A parallel thread is a JavaScript execution thread distinct from the main JavaScript execution thread. The main thread and some parallel warp threads are running at the same physical time. Warp threads don't necessarily belong to the same process. It can come from the fork of a new process or even in a remote machine.

Warp task

A warp task is started by a warp call (a call to warp.call or warp.callAsPromise). The task is executed in a parallel thread. It starts by executing the given function and continues until the end of the task is detected.

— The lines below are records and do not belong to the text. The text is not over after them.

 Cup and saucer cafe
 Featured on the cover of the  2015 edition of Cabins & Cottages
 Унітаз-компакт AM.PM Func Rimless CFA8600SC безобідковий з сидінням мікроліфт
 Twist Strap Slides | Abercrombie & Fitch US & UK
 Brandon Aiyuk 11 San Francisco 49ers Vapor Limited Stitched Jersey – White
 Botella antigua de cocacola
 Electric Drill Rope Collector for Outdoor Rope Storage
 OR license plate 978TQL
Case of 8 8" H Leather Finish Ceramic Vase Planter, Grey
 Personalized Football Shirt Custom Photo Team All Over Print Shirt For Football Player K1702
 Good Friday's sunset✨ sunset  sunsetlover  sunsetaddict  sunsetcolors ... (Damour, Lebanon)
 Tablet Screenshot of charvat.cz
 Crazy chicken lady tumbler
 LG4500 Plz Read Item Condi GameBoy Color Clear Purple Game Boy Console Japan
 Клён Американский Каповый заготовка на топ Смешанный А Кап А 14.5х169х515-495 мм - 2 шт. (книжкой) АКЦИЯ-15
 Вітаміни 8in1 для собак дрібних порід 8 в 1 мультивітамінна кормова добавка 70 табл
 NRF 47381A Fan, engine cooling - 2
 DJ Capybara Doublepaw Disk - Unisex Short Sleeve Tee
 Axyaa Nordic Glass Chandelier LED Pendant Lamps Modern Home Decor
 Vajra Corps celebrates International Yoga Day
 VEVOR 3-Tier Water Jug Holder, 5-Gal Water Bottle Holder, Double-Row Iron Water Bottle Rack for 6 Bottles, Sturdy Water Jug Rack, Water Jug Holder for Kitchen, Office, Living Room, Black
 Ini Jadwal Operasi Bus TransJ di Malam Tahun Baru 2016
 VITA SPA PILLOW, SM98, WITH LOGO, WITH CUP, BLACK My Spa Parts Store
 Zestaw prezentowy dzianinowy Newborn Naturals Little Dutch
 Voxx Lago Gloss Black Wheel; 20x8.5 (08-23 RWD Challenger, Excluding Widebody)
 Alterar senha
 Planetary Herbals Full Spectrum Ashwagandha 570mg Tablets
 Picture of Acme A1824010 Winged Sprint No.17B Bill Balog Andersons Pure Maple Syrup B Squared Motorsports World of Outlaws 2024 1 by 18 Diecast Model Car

The end of the task is detected when:

  • an exception is thrown by the task

or

  • If the task was started by warp.callAsPromise:

    • the function given to callAsPromise has returned
    • And, if its returned value is a Promise, it is fulfilled or rejected.
  • If the task was started by warp.call

    • The callback is called,
    • And the function given to call has returned.

Note that this doesn't mean that return was executed, it means that the execution has returned to its caller. For example in the following code the end is detected during the line a = await 3 when await yields and a is still 2.

let a = 0;
async function fnct(done) {
  a = 1;
  done();
  a = 2;
  a = await 3; // End is here at `await` before assignation of `a`
  return;
}

Warning: If the task were to attempt to execute code after the end of execution were detected (e.g. with a setImmediate, setTimeout, ...), then the behavior would be unspecified. This means that if the function given to call is starting any asynchronous processing, calling the callback must be the very last thing done by the task.

Execution context

An execution context is referring to everything accessible from the scope of the considered function at a given point of the execution. This includes

  • parameters of the call,
  • local, free and global variables accessed by the function called or by all functions potentially called directly or indirectly,
  • any reachable objects (objects, arrays, functions, symbols) from the above defined parameters/variables.